American participation is expected to be strongest on the financing and systems side, leveraging Washington’s growing infrastructure and climate partnerships across the Indo Pacific. US backed development finance institutions and export credit agencies have been in discussions with Vietnamese authorities about potential support for signaling, rolling stock, station design and smart ticketing systems that could integrate metro, regional rail and airport services into a single passenger experience.

Officials in Hanoi and Ho Chi Minh City say that pairing French urban rail know how with American capital markets and technology could help Vietnam leapfrog older models of airport access. The ambition is to deliver a 21st century, low carbon transport spine powered by modern electrified rail, rather than locking greater Ho Chi Minh City into decades of highway expansion and car dependency.

Financing a Thirteen Billion Dollar Corridor

Vietnamese planners estimate that by the time core metro segments, the Thu Thiem–Long Thanh railway and associated flyovers and interchange stations are completed, cumulative investment tied directly to the airport rail corridor will approach or exceed thirteen billion dollars. That figure includes not only the dedicated link to Long Thanh, but also key sections of the wider Ho Chi Minh City metro network needed to move passengers from dense inner districts onto the airport line.

Local authorities are structuring the corridor as a mosaic of projects and financing mechanisms. Some sections, especially inside the city, are likely to be funded through a mix of central government budget, municipal bonds and official development assistance. Others, particularly the longer stretches between Thu Thiem and Long Thanh, are expected to rely heavily on public private partnerships with large Vietnamese conglomerates and foreign investors, supported by export credits and multilateral lenders.

To attract that capital, Ho Chi Minh City is working on updated land value capture policies around future stations, alongside tariff frameworks that balance financial sustainability with the need to keep fares affordable. The government is also signaling that airport rail and metro projects will benefit from streamlined approvals, reflecting their role in unlocking the economic potential of Long Thanh and reducing the environmental footprint of Vietnam’s aviation growth.

Transforming Urban Mobility by 2030

If construction proceeds on the current schedule, the first phase of Long Thanh International Airport will open for commercial flights in 2026 with road based access, while rail and metro links come online in stages toward 2030. City officials acknowledge a tight window, but argue that the long term gains in connectivity, investment and quality of life justify the accelerated push.

By the end of the decade, the combined network is expected to reshape daily mobility across southern Vietnam. Fast, frequent trains between Thu Thiem and Long Thanh would shrink commuting times for tens of thousands of workers in new industrial zones, while Metro Line 2 would give residents in older neighborhoods a direct rail option to both airports and the central business district. For international visitors, the promise is a smoother arrival and departure experience that aligns Ho Chi Minh City with other major Asian gateways.

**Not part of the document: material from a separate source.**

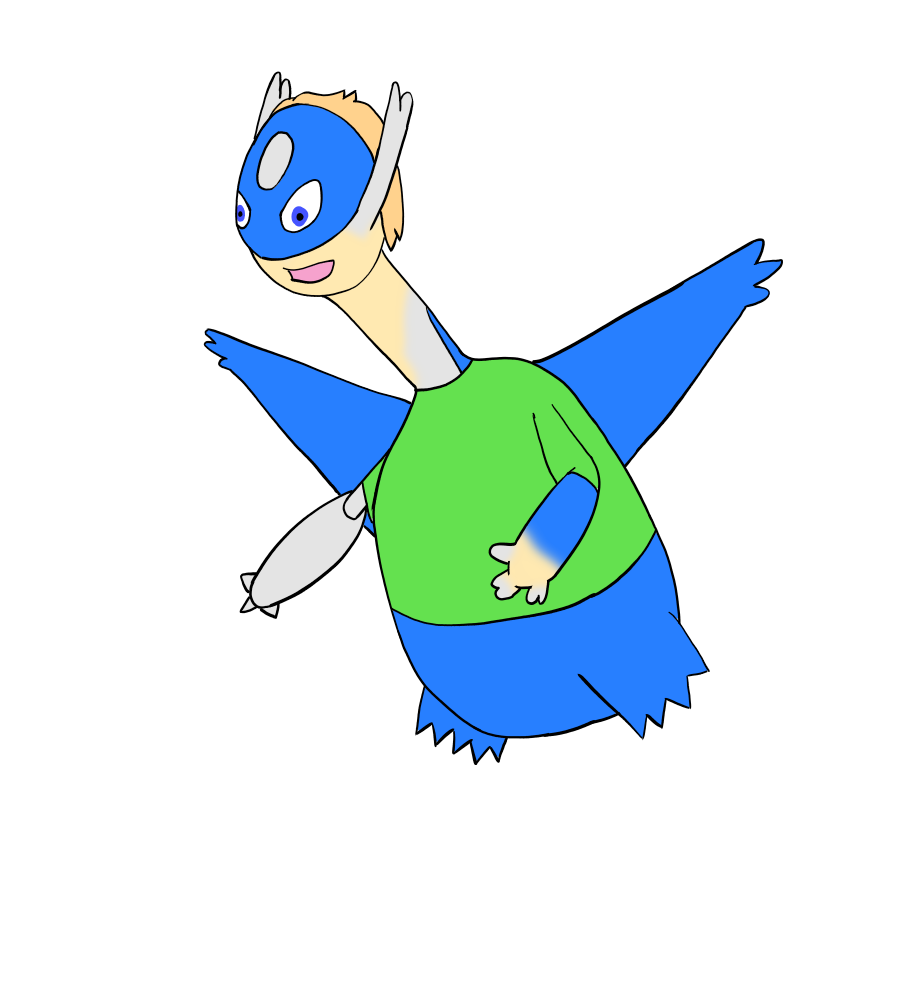 Latios Psychic Pkmn Tf Month By Htfman114 On Deviantart Latios Psychic Pkmn Tf Month By Htfman114 On Deviantart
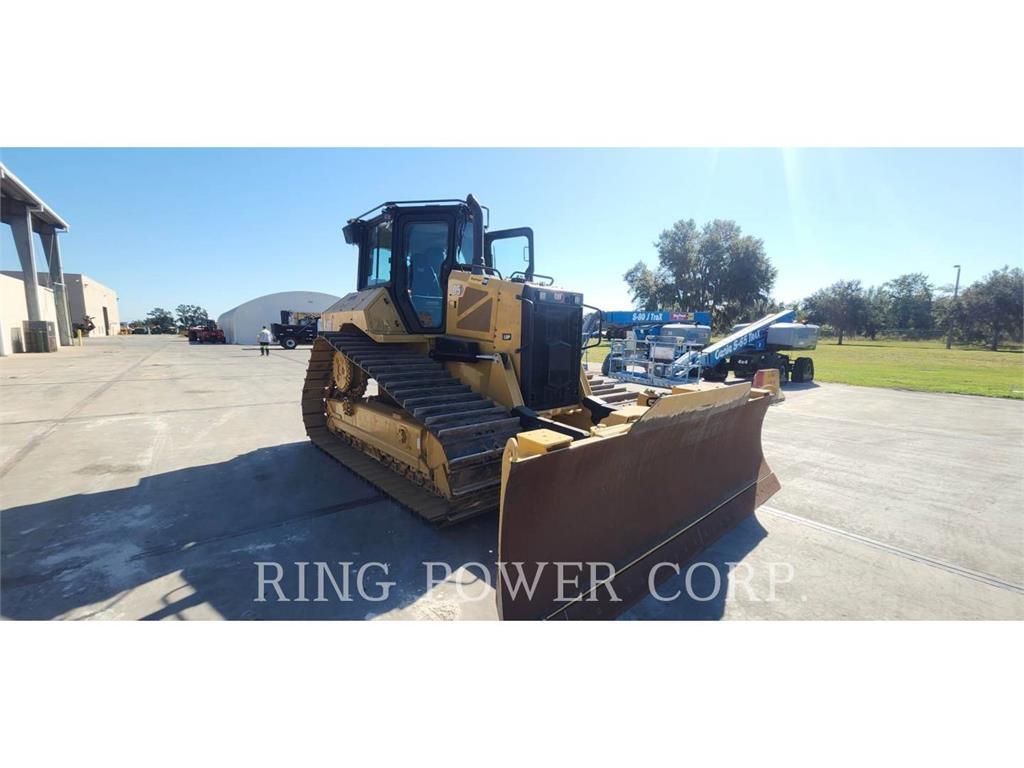CAT D5VPEW Crawler dozers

The stakes are high. Long Thanh is intended not only as an aviation project, but as the anchor of a broader economic corridor stretching from central Ho Chi Minh City to the coast. Whether the United States, France and Vietnam can successfully align their expertise and financing to deliver a complex, thirteen billion dollar metro and rail program by 2030 will go a long way in determining how fully that vision is realized.